Жуканец уже больше не юный. Он издает свой том пятый, он прославлен, мастит. Он редакторским властным жестом отчеркнул чернильным карандашом то, что было у автора дальше, и категорически обнародовал:
– Быльем поросли дуализмы. Кто желает в наше сегодня, пожалуйте, скушайте символ-викторину. Вот он, послушайте-с! В антрактах культфильма «Научэкспедиция в тайгу» его распевают мальчишки:
Кто не ест, кто не пьет, Менолит стрегет? Профессор Кулик! Кулика тра-та-та... Едут комары.Волна седьмая
В летописи мира, хранительнице вымерших цивилизаций, все, что, уйдя из жизни, отпечатлело свой лик и свое слово во времени, закреплено медиумизмом больших художников – средневековье «Божественной комедией», старая Испания – Сервантесом.

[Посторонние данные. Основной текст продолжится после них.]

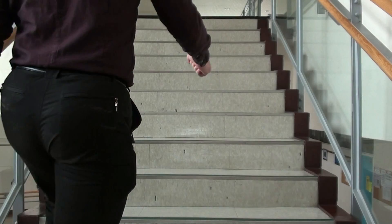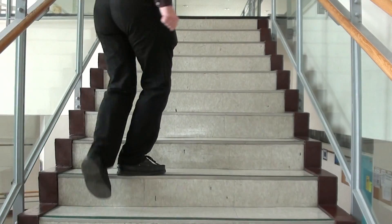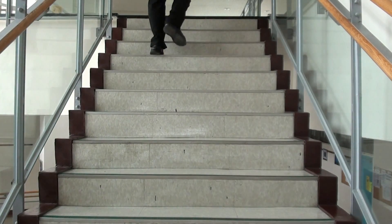If you're tall enough — but we're not going to consider this case here — you can even go three steps at a time, but let's forget it. So: one step at a time or two steps at a time.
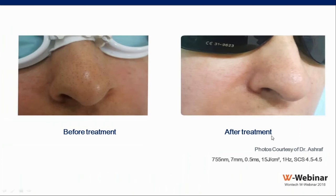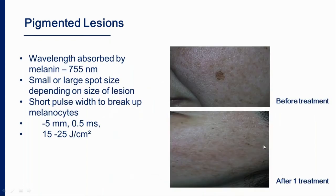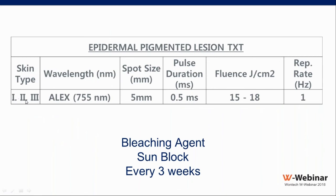Another patient demonstrates the same parameters with immediate response. Finally, the last indication is treating epidermal pigmented lesions such as solar lentigines, freckles, and age or liver spots — areas with high concentration of melanin in melanocytes located primarily at the dermal-epidermal junction. For solar lentigines, one treatment with the Alexandrite using a 5 mm spot, 0.5 ms, and 15 to 25 J/cm² can get rid of the lesions. For skin types three to four, use 15 to 18 J/cm² at 1 Hz, combining treatment with bleaching agent and sunblock.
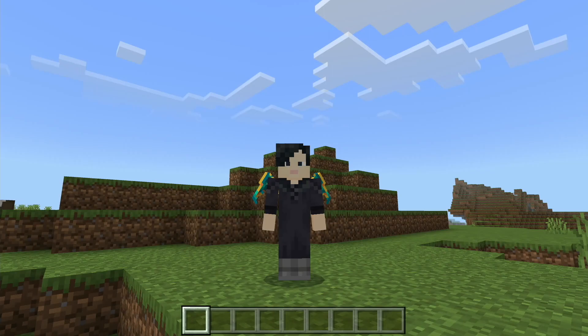Hello, my name is Trident Girl and today I'm going to be talking about the changes that the new 1.20 update added to Minecraft.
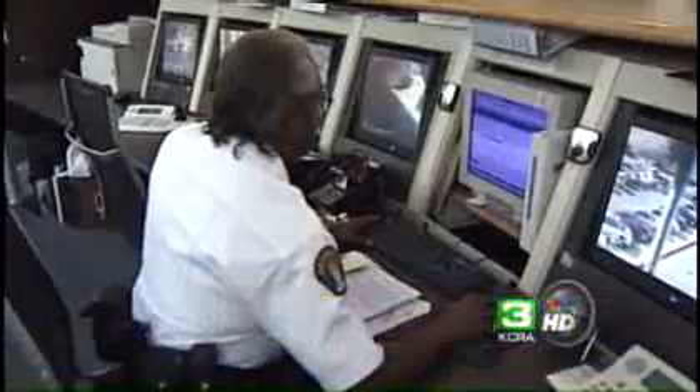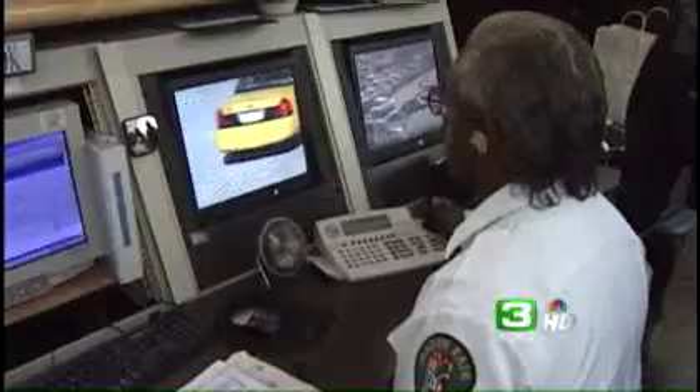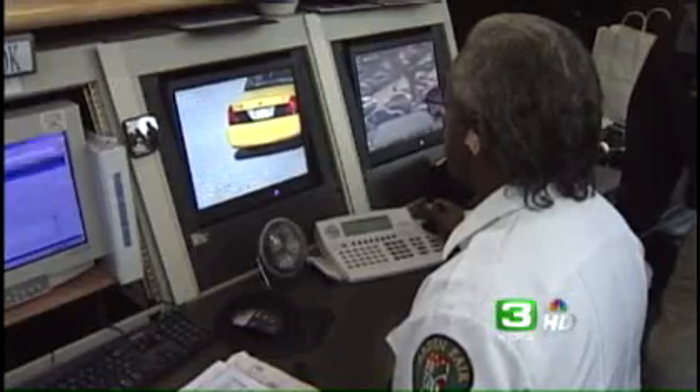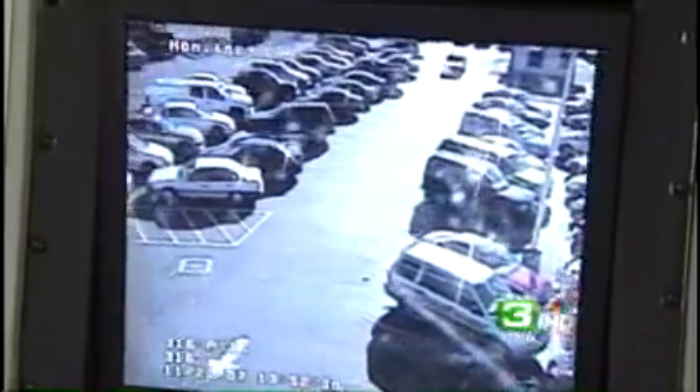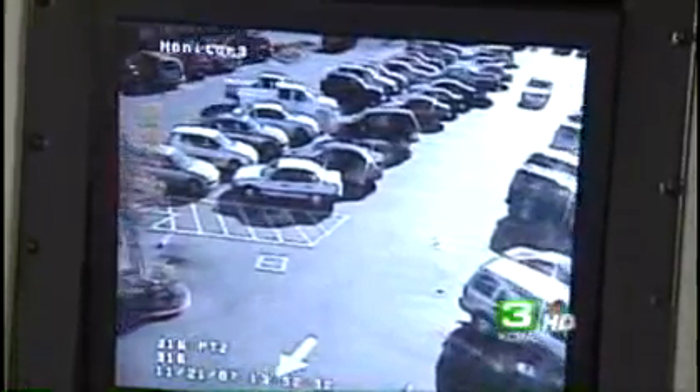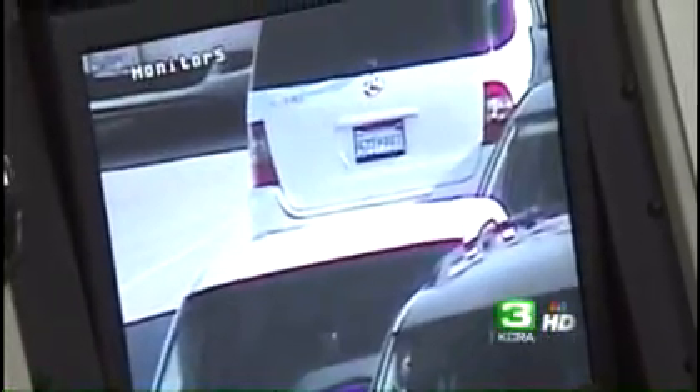Ninety cameras used to be placed around Arden Fair Mall to keep you safe. This year that number has increased to 128. We can zero in on license plates, we can freeze different scenes or things that are happening, we can download it to a disc and hand it over for a liability or criminal issue. Some of the cameras are fixed and some can pan and tilt just about anywhere in the seventy-four acres inside and outside the mall.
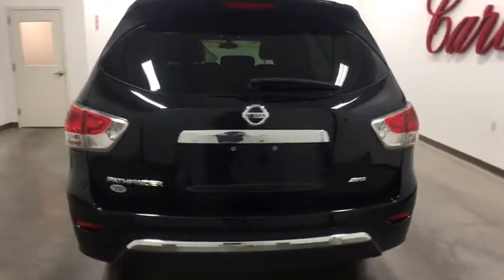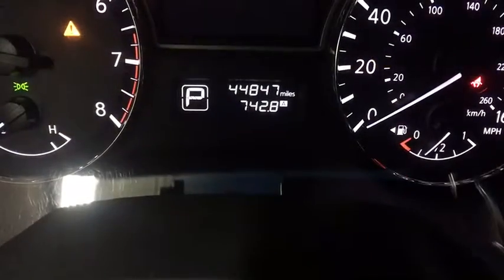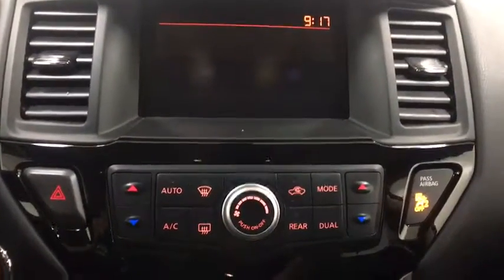Stability control, traction control, keyless entry, steering wheel audio control, anti-lock braking system, CD changer, adjustable steering wheel, power steering, cruise control, aluminum wheels, four-wheel disc brakes.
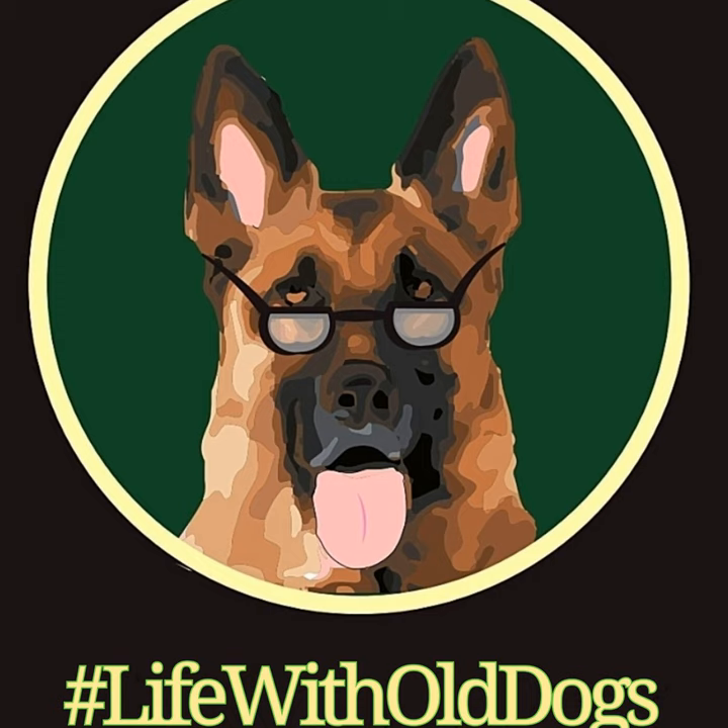You're listening to the Life with Old Dogs podcast, and I'm your host, Dawn Mimna, primary caretaker of all of our wonderful Senior German Shepherds right here at Woody's Place Senior German Shepherd Sanctuary.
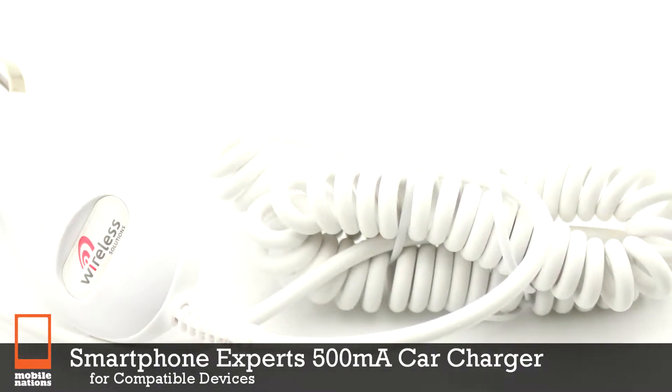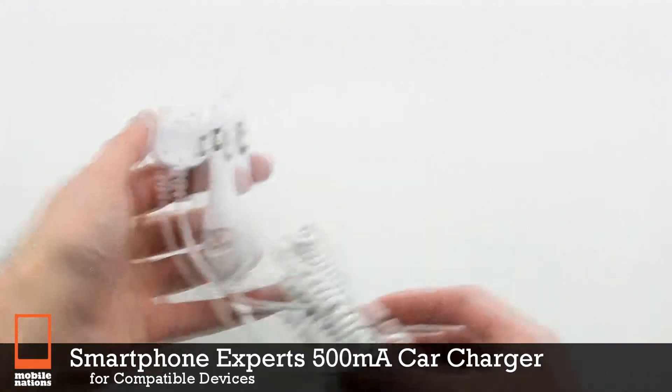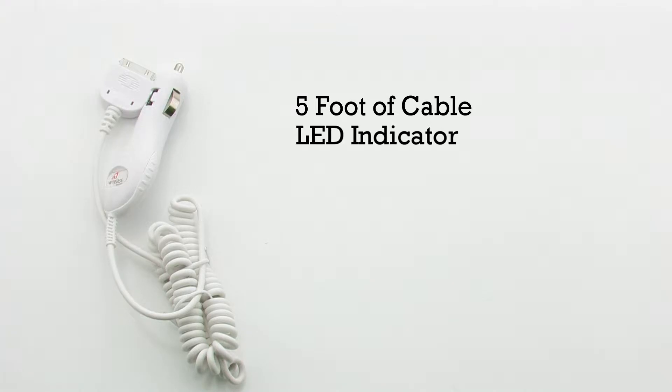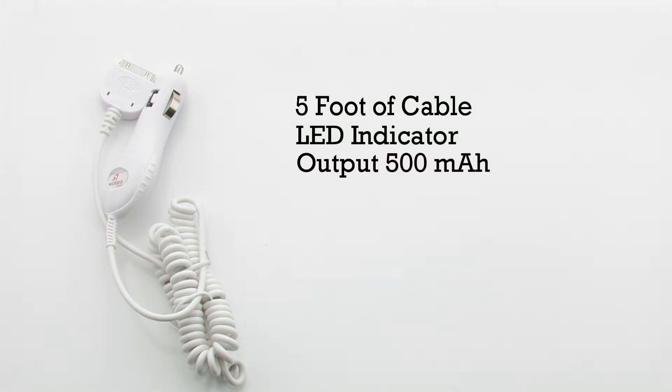The Smartphone Experts 500mA Car Charger for Compatible Devices. The charger features a 5-foot cable, an LED indicator, and output of 500mA, and it includes a lightweight design.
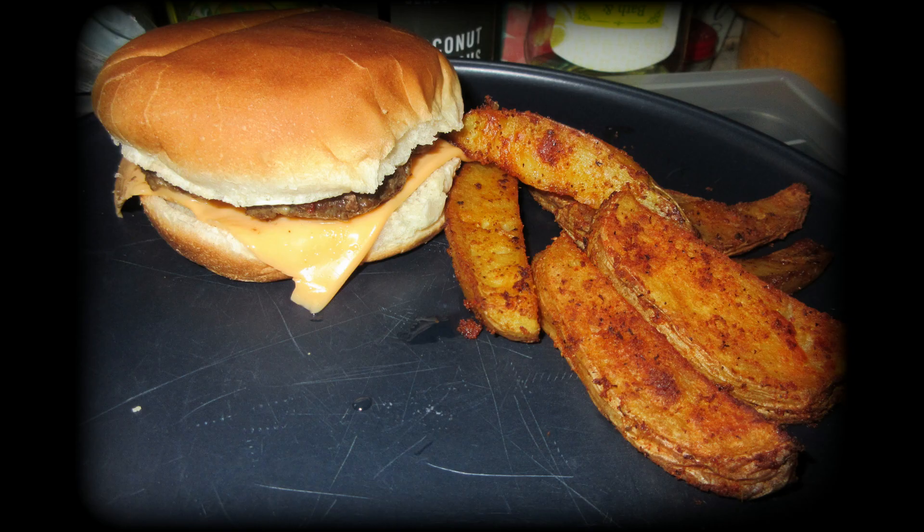A grilled cheeseburger and homemade potato wedges. Yes, homemade potato wedges — so delicious. I don't think I'll buy frozen potato wedges ever again; they were so easy to make. If you'd like to see a recipe on it, I will gladly do that, so let me know. Love these potato wedges — so good, so easy and fast.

В Сумасшедшем Корабле сдавался в архив истории последний период русской словесности. Впрочем, не только он, а весь старорусский лад и быт. Точней сказать, для быстрейшей замены России четырьмя буквами СССР ампутировались еще не изжитые временем былые формы. И как сводка работы русской мысли и воли к жизни предстали Четверо. Они заканчивали кусок истории.